# Knitting - beginner beginner



## bryncalyn (Jan 7, 2013)

Hi! I can't believe it!! I taught myself how to knit! I think ....

So I have started lurking this forum (you enablers you) and reading about beginner advice. But as my little ones are getting cranky and I need to get them in pjs and bed I thought I would just start a new thread and ask away.

1) I figured out how to cast on. While reading I saw where several people mention having a looser cast on stitch. That is on my "to try" list.

2) My stitches seem to be quite uneven, whether they are in the same row or two rows apart. How do I get them to be more even?

3) Will circular needles be a better thing for me? I feel like I will punch my wee ones in the eyes if I knit around them. Those needles are LONG!!

4) Do I just keep knitting, knitting, knitting ... just keep knitting til I get the hang of it and then start a project? (Think Dory thoughts from Finding Nemo for the knitting tune.)

Thanks!!


----------



## Wind in Her Hair (Jul 18, 2002)

Welcome bryncalyn to the wonder world of knitting (and other related fiber craziness and fun!) 

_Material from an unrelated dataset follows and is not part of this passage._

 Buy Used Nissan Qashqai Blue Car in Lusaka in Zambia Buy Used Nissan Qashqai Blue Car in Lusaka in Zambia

Congrats on teaching yourself to knit- that is wonderful! And amazing. :clap:

In answer to your questions- there are many different cast ons and they are appropriate for many different knitting projects but not all cast ons are created equal nor are they interchangeable. Once you have the ol sling shot (or Norwegian cast on? is that right? or is it the German cast on?) - learn the knitted cast on. Then the provisional cast on for projects requiring it, then the Judy Becker cast on or Turkish cast may round out your cast on arsenal. Others may have other suggestions, too. 

For a looser cast on, you can just hold two needles side by side and cast over two needles or cast on to a needle 2 sizes bigger than your project calls for. 

Uneven stitches will soon work themselves out as your tension begins to become more consistent, practice good mechanics of knitting and the little things will work themselves out. 

Circular needles are actually shorter than straights. The needles themselves can be 3 inches to 6" whereas straights are normally 7" or more. I love circulars because I can't lose or misplace the second needle and all my work stays put on the cable between the needles. :shrug:

Personally, I started kniting with a scarf - then I knit another scarf just like it- to get my confidence going. THEN I tried another project and on and on- widening my skills and adding to my list of tried and accomplished projects.

A lot of people start with long scarf or a wash cloth or a blanket. That way they can do the same thing over and over again and again and again. Then you can start reaching out into new areas. 

Remember, every project will build your skill and your confidence. These projects are unlikely to be "perfect' but some projects are a little easier to hide our goofups in .
:teehee:

I had a bunch of scarves that I knit early on that I eventually unknit and used the yarn on other projects. :shrug: It's all good. 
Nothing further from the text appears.